■ **Problem statement**: Consider the listing below. Extract exactly the lines from the line containing "A non-commissioned mural" to the line containing "Kind trägt ein", both included.

BEGIN

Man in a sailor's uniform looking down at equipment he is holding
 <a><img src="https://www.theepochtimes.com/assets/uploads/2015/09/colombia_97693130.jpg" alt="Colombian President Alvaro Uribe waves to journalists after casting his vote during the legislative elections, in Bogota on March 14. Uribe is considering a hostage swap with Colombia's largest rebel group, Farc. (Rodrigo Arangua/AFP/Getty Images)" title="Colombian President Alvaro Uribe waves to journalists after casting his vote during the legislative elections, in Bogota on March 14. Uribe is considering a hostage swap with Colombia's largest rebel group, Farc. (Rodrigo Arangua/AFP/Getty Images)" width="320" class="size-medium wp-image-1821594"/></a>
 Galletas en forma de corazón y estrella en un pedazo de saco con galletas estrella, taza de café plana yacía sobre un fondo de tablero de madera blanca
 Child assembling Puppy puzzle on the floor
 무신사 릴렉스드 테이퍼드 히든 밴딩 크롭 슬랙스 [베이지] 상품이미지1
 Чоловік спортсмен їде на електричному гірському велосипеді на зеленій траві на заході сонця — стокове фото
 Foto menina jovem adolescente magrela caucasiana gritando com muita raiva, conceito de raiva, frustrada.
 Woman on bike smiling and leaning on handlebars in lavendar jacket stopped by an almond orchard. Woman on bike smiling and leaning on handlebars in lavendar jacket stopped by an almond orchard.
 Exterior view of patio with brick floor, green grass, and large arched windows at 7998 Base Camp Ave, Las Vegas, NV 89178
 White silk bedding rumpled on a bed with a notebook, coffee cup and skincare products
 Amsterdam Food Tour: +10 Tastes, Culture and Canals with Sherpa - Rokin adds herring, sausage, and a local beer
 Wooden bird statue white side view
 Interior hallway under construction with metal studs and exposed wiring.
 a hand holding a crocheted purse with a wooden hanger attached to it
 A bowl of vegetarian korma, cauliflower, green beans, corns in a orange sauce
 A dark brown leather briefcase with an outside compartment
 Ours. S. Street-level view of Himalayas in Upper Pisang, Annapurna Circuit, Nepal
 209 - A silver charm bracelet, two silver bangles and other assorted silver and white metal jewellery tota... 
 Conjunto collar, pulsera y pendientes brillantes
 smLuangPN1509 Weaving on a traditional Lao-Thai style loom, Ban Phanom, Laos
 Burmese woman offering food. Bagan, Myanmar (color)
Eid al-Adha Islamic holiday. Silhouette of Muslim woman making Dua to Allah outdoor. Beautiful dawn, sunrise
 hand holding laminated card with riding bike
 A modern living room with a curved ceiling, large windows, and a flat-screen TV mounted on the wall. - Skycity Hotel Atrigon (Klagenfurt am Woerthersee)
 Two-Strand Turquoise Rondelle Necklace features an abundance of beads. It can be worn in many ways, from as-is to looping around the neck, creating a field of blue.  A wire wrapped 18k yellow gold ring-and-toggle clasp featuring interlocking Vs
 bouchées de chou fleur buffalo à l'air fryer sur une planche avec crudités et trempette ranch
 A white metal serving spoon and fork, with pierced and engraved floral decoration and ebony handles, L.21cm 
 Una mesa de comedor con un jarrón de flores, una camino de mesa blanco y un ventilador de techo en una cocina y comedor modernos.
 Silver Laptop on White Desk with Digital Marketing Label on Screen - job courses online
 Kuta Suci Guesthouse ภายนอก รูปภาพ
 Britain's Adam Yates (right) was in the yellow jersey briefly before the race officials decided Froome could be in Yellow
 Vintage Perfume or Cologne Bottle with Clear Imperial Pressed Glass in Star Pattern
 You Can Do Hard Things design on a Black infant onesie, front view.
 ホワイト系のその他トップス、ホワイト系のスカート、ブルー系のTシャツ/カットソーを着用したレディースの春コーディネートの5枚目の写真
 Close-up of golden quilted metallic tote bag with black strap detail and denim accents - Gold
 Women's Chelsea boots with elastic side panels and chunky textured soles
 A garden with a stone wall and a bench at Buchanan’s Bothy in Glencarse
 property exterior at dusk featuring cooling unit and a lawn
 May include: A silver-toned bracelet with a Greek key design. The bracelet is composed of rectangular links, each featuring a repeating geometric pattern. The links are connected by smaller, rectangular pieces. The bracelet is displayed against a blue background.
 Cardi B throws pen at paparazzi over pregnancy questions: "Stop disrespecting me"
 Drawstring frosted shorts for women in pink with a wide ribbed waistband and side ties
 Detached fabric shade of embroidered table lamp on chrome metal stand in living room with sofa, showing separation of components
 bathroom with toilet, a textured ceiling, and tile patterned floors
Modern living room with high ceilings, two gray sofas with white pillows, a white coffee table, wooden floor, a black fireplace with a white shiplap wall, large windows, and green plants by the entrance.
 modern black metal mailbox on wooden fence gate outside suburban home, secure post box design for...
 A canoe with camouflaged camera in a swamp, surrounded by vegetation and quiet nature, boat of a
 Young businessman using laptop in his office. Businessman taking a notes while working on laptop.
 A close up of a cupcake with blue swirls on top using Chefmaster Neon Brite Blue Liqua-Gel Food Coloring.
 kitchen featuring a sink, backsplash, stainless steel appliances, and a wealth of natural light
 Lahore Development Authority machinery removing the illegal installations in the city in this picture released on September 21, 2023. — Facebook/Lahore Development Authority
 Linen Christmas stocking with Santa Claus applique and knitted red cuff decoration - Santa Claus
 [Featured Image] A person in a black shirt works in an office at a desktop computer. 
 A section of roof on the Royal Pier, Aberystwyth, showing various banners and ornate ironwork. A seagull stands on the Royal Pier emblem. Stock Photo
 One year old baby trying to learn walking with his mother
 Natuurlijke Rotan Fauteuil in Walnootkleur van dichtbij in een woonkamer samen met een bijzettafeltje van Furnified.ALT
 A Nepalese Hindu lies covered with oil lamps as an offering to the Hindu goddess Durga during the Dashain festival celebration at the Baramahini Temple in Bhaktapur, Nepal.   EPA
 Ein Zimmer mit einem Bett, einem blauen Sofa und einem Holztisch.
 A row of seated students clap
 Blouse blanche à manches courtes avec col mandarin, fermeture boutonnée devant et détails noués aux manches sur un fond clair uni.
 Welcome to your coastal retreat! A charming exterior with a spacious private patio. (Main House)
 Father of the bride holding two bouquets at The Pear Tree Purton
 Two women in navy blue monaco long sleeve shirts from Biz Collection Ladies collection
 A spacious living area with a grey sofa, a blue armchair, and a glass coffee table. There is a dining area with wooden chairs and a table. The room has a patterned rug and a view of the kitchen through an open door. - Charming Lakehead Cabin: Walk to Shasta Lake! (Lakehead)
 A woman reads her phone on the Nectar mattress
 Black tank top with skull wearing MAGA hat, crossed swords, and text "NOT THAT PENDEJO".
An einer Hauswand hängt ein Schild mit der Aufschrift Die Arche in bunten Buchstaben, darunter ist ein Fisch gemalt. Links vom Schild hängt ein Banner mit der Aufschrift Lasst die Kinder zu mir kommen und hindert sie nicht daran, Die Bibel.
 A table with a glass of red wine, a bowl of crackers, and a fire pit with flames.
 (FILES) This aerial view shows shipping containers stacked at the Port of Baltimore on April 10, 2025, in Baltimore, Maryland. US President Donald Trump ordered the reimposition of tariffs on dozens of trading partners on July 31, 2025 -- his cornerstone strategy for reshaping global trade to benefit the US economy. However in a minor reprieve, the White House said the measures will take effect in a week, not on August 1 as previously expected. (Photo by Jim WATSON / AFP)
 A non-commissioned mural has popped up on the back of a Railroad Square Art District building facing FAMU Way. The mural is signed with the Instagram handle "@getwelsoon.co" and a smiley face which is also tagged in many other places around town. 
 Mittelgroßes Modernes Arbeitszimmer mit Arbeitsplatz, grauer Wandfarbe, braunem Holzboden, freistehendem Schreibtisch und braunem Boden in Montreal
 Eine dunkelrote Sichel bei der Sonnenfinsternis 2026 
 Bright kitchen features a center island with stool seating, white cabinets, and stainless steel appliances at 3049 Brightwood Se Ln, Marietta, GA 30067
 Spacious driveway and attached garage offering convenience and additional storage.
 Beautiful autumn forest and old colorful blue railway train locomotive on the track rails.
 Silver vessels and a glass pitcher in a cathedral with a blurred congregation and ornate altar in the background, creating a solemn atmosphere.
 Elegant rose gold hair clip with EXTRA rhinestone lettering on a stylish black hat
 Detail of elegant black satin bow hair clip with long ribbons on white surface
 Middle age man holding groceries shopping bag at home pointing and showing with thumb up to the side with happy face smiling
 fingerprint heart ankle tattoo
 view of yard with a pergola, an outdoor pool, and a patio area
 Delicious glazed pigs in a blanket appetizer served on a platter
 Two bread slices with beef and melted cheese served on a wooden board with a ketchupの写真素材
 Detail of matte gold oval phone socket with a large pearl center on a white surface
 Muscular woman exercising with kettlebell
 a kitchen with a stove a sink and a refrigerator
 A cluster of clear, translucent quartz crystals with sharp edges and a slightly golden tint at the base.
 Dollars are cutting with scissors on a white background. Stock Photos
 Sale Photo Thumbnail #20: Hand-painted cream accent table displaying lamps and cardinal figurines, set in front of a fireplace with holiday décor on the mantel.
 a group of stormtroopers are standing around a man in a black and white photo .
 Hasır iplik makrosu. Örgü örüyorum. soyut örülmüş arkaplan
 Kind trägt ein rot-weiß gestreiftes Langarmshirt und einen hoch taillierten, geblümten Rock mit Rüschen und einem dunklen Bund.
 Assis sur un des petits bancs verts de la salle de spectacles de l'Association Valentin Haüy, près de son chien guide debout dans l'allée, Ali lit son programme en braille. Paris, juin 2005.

END

■ **Answer for this exercise**:
 A non-commissioned mural has popped up on the back of a Railroad Square Art District building facing FAMU Way. The mural is signed with the Instagram handle "@getwelsoon.co" and a smiley face which is also tagged in many other places around town. 
 Mittelgroßes Modernes Arbeitszimmer mit Arbeitsplatz, grauer Wandfarbe, braunem Holzboden, freistehendem Schreibtisch und braunem Boden in Montreal
 Eine dunkelrote Sichel bei der Sonnenfinsternis 2026 
 Bright kitchen features a center island with stool seating, white cabinets, and stainless steel appliances at 3049 Brightwood Se Ln, Marietta, GA 30067
 Spacious driveway and attached garage offering convenience and additional storage.
 Beautiful autumn forest and old colorful blue railway train locomotive on the track rails.
 Silver vessels and a glass pitcher in a cathedral with a blurred congregation and ornate altar in the background, creating a solemn atmosphere.
 Elegant rose gold hair clip with EXTRA rhinestone lettering on a stylish black hat
 Detail of elegant black satin bow hair clip with long ribbons on white surface
 Middle age man holding groceries shopping bag at home pointing and showing with thumb up to the side with happy face smiling
 fingerprint heart ankle tattoo
 view of yard with a pergola, an outdoor pool, and a patio area
 Delicious glazed pigs in a blanket appetizer served on a platter
 Two bread slices with beef and melted cheese served on a wooden board with a ketchupの写真素材
 Detail of matte gold oval phone socket with a large pearl center on a white surface
 Muscular woman exercising with kettlebell
 a kitchen with a stove a sink and a refrigerator
 A cluster of clear, translucent quartz crystals with sharp edges and a slightly golden tint at the base.
 Dollars are cutting with scissors on a white background. Stock Photos
 Sale Photo Thumbnail #20: Hand-painted cream accent table displaying lamps and cardinal figurines, set in front of a fireplace with holiday décor on the mantel.
 a group of stormtroopers are standing around a man in a black and white photo .
 Hasır iplik makrosu. Örgü örüyorum. soyut örülmüş arkaplan
 Kind trägt ein rot-weiß gestreiftes Langarmshirt und einen hoch taillierten, geblümten Rock mit Rüschen und einem dunklen Bund.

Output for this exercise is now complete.